In 2012 SerpIQ conducted a study to determine the optimal length of blog posts and determined that the average number one article in Google is 2,416 words long. Articles ranking in tenth place were on average only 2,032 words long (it’s important to note that the data in this study included text in sidebars as well, so the data is a little flawed).

Different content lengths may be required to satisfy audiences in different industries. The following figures were published on Reddit. While we don’t necessarily agree with the figures (they seemingly come from an unreliable source), they’re worth including for the sake of completion.

  • Finance: 2,100 – 2,500 words
  • Real estate: 1,800 – 1,900 words
  • FinTech: 2,000 – 2,150
  • Healthcare: 2,000 – 2,150
  • Manufacturing: 1,700 – 1,900
  • Sales: 2,500 – 2,700
  • Retail: 1,500 – 1,700
  • Home and garden: 1,100 – 1,200
  • Tech: 800 – 1,000
  • Gadgets: 300 – 500
  • Marketing/Advertising: 2,500 – 3,000
  • Fashion: 800 – 950
  • Recruiting: 900 – 1,000
  • Food: 1,400 – 1,900
  • Travel: 1,500 – 1,850
  • Film: 1,500 – 1,700

Other points to consider are the following:

  • A blog post should contain at least 300 words in order to rank.
  • Longer blog posts of 1,000+ words have a higher chance of ranking well. More content means Google can better understand what your post is about (providing necessary context), helping it move up in the search rankings.

Readability often plays its part as well. Keep your posts readable.

Long form content in addition to user-created video is a basic recipe for success.

The summary: long form content performs better than any other. Include facts, research, and experience. Don’t use white-label (duplicate) content provided by article services in isolation - generic is boring.

Article Keyword Density

If you were to produce a word cloud of each page you would expect your primary keywords to be represented more than any other. If you were to produce a cloud of each paragraph, the keywords should be contextually relevant to that block of content. Although not as important as it once was, Google may use keywords to determine the topic of a webpage. However, they’re more interested in page context – they’re clever enough (most of the time) to piece together your content, internal and external links, and various tags to construct a semantically relevant graph of your page.

Our SEO booklet introduces post curation and provides a working example of how tags, categories, titles, internal linking, and so on should be used (the SEO booklet is sent to all of those on virtually any of our lists). For the most part, however, ignore keywords in your content; write for your audience. Our experience tells us that Google is clever enough to determine context and rewards you appropriately.

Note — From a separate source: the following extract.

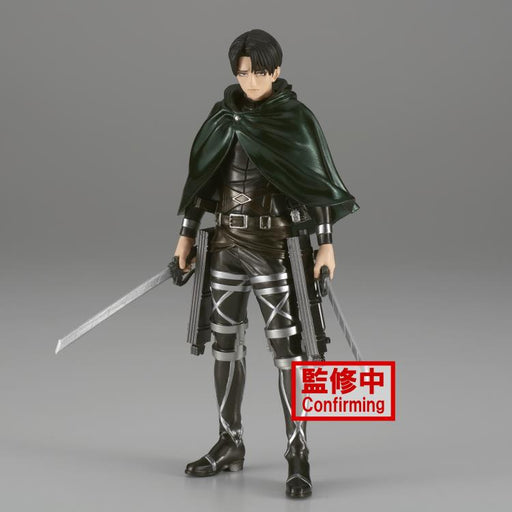 Attack on Titan - Levi (The Final Season Ver.) - Banpresto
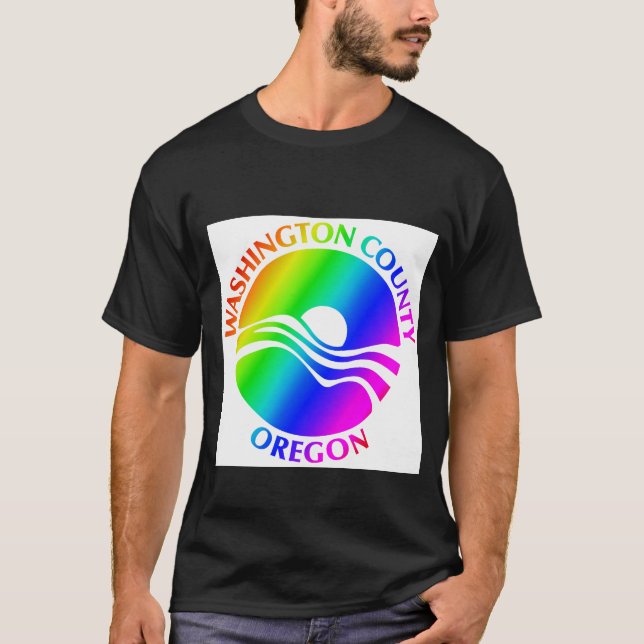 Camiseta del Orgullo del Condado de Washington - E (Anverso)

Write for your audiencenot Google.

Conclusion

Much of the content you write about may be driven by a short video you create, or one that you have shared onto LinkedIn or elsewhere (you can embed that video directly on your site to improve up on your social exposure). All video content can be repurposed into something else, and the video negates the need for a large content dump.

We introduce the need for a marketing plan and content strategy in another article, and we show you how Yabber keeps track of all your content goals and engagement (it's pointless creating content if you cannot measure the success of your efforts).

Ignore anybody in the industry that tells you a content strategy is not important (this is usually a method of assigning value to their crappy Facebook Program). These charlatans are objectively wrong, and we'd argue, professionally negligent in their messaging. The one common attribute our most successful clients have in common is their commitment to providing the content their audience is craving.

You're not in the business of writing home loans (necessarily) - you're in the business of providing an education to those that are looking for you. You're not just a finance broker. By definition, you're also the primary product you're marketing (this obviously varies with bigger businesses where a brand becomes the subject) - let your blog reflect your positioning, brand, personality, and company culture. If you perform your marketing function better than the next guy you'll win more business.